Tercero, la falta de productividad, que como ha mostrado Bill Lewis, es resultado sobre todo de la falta de competencia económica, y México ha sido un paraíso de la concentración. No sólo los privados, sino el gobierno mismo, han gozado de monopolios por décadas, haciendo cada vez menos competitivo al país, mientras se enriquecen hasta la obscenidad un puñado de personas.

Cuarto, esta concentración de poder ha impedido la construcción de un verdadero Estado de derecho, lo que redunda tanto en corrupción como en violencia.

Finalmente, hay detrás de todo esto un conjunto de creencias que soportaron el viejo régimen, que fueron implantadas en las mentes mediante un sistema educativo diseñado para eso. Creencias propias del colectivismo del siglo XX, que no fue sino la recuperación de las visiones machistas, patriarcales y patrimonialistas previas a la Ilustración: una historia patria ficticia plagada de héroes y villanos, temor-odio a los extranjeros, virtudes sin fin de los pobres y los gobernantes, etc.

Estos cinco elementos tienen interacciones muy importantes: no se puede construir Estado de derecho sin recursos fiscales suficientes, pero tampoco sin una visión del mundo alejada del colectivismo. No se puede terminar con la informalidad sin una educación distinta y sin enfrentar la concentración económica. No se puede recaudar más con esa informalidad y concentración.

Avanzar en estos cinco elementos, de forma simultánea y estratégica, es el camino al desarrollo económico. Pero también a la democracia y la justicia. La creencia de que habrá justicia nada más porque el gobierno así lo desea no tiene ningún sustento.
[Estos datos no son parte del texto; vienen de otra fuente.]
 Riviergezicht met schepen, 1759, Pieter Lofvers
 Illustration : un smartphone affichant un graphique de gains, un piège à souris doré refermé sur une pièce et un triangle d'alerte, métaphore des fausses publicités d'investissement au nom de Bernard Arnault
Mucho menos habrá desarrollo económico impulsado desde esa institución.

Romper con el poder económico concentrado puede ser un buen inicio, y por eso terminar con los monopolios del gobierno y limitar el poder de los privados es tan importante. Por eso la reforma energética, la de telecomunicaciones, la financiera y la de competencia económica.

Terminar con el adoctrinamiento en la escuela es fundamental, tanto para tener una visión diferente del mundo, como para contar con capital humano capaz de ser más productivo, en unidades económicas mayores. Por eso la reforma educativa.

El camino del actual gobierno es equivocado: reconstruir monopolios energéticos, terminar con la reforma educativa, fortalecer a las grandes fortunas de capitalistas de compadrazgo (ahora en el comité asesor empresarial), es precisamente lo que nos ha frenado por décadas. Aunque parezca obvio, hay que decirlo, para que no se olvide.